CForth Source for CL4
CForth is built automatically by CL4 OFW build or you can cd to the cforth build directory and "make"
Build directory is cforth/build/arm-xo-cl4
Source directory is cforth/src/app/arm-xo-cl4
I direct your attention to cforth/build/arm-xo-cl4 That is where builds happen, although if one is building via the OFW tree, that happens automatically.
Q: reviewed. only puzzle i see is that PLATPATH isn't cl4 specific. but APPPATH* has a cl4 specificity.
The platform stuff is low-level, fairly minimal, all in C, and doesn't appear - so far - to differ between boards (So much so that the same platform code even works on Thunderstone.) by virtue of the fact that UART3 seems to be the go-to serial port for everybody. Now to src/app/arm-xo-cl4 You will notice that I have done a boatload of factoring at the file level. No more huge app.fth and significantly fewer ifdefs
the files in ../arm-mmp2 drive SoC hardware modules largely without knowledge of boards, and mmp3 is so similar to mmp2 in most respects that the mmp2 drivers "just work"

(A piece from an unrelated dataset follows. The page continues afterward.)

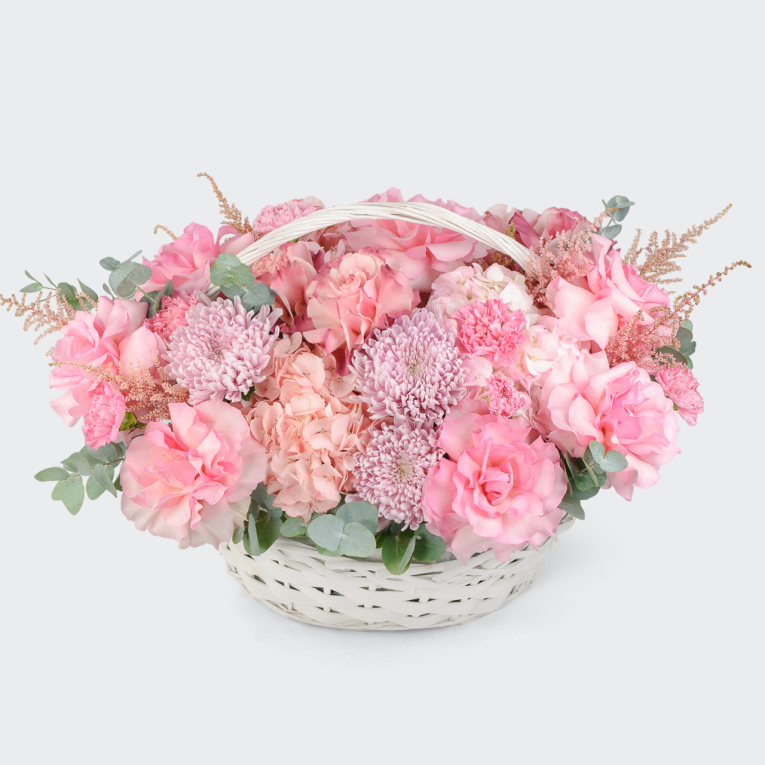 Букет в корзине Клубничный мусс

./gpiopins.fth is a key board-specific thing It is darn near identical to gpiopins.fth in the OFW tree.
look at ../arm-xo-1.75/boardgpio.fth. it has many ifdefs but they are conditional not on platforms, but rather on the existence of individual GPIOs
In general, if one is to have ifdefs, I prefer precision instead of tying to platforms. I do not always follow that rule as well as I should, but eventually I usually get around to doing the right thing.
arm-xo-1.75/memtest.fth has a rudimentary memory test that will no doubt be used heavily for a few days during bringup
The random test that is currently ensconsed therein is good for final checkout, but not so good for pinning down specific problems.

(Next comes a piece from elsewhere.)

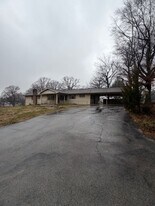 1701 Westside Dr in Maryville, TN - Building Photo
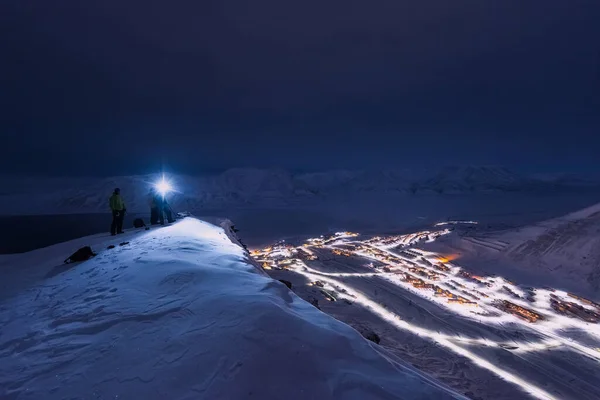 诺威景观冰的城市景观的 Spitsbergen 朗伊登高原山斯瓦尔巴群岛北极海洋冬季极地夜景从上面 — 图库照片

There are some primitives that are better for directed testing: arm-xo-1.75/ccalls.fth:{lfill,lcheck,inc-fill,inc-check} XO_CL4_Memory_Test
Note address offset for SP access to main memory.
Q: memtest-start in memtest.fth?
Memory address + 0x1000.0000 = SP address.
Q: ah, as in the SP effectively subtracts 1000.0000 prior to accessing memory?
If the TCM (tightly coupled memory, sort of like a poor-man's cache) is off, DRAM address 0 is also mirrored at SP address 0, so you can access it at either 0 or 0x10000000
DRAM address 0x3000.0000, which you might think would appear at SP address 0x4000.0000, is simply inaccessible. If the TCM is on, SP address 0 hits the TCM and is aliased at several boundaries.
Q: before dram init in cforth, where is cforth living? sram?
cforth *always* lives in SRAM at 0xd100.0000
Q: RAMBASE, i see.
Except for the C code that implements the PS/2 spoofer. That uses interrupts, and the ARM vector table must start at 0 (on this ARM variant), so portions of that code must appear in the 0 region. The way we do it is to turn on the TCM, copy that code therein, and thence the spoofer can do much of its work from that TCM, which is internal to the SP core, thus eliminating contention with other activities.
So I have just told you the main ways in which the mental model of the address map differs from obviousness (in SP land).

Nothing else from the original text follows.